▶ _INPUT FOR THIS TASK_:

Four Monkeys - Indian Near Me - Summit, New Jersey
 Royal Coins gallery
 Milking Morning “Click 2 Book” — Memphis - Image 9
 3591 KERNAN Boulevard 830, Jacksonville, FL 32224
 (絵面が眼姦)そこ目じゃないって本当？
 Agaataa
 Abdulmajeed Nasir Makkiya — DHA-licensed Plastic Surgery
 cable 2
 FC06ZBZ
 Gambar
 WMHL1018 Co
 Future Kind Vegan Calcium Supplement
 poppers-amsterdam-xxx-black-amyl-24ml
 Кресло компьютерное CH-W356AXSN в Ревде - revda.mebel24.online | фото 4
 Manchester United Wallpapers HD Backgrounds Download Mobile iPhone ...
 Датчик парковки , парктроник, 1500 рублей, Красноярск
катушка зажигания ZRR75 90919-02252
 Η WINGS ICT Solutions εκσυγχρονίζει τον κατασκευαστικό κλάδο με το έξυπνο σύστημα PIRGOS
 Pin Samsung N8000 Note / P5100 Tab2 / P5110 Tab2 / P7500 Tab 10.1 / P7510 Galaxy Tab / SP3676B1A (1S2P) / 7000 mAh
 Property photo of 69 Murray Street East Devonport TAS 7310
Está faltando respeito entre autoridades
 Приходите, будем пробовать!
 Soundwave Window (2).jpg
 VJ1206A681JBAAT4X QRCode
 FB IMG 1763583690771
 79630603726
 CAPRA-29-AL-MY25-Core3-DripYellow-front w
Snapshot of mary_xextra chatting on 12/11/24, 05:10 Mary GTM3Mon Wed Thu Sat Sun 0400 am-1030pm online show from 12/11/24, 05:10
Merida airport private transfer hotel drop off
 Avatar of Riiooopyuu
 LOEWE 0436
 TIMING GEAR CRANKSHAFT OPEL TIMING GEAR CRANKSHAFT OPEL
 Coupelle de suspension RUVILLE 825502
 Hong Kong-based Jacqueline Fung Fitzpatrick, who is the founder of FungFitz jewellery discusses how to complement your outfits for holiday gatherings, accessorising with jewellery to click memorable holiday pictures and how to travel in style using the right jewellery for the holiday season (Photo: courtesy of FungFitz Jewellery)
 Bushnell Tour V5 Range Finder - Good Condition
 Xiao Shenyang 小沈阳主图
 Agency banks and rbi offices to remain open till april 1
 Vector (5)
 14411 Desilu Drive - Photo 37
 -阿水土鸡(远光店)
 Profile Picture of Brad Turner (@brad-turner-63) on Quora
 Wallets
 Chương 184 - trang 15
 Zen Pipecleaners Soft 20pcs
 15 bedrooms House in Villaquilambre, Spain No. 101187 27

▶ _TASK INSTRUCTIONS_: Return all lines above that mention the word "online".

▶ _RESPONSE_:
 Кресло компьютерное CH-W356AXSN в Ревде - revda.mebel24.online | фото 4
Snapshot of mary_xextra chatting on 12/11/24, 05:10 Mary GTM3Mon Wed Thu Sat Sun 0400 am-1030pm online show from 12/11/24, 05:10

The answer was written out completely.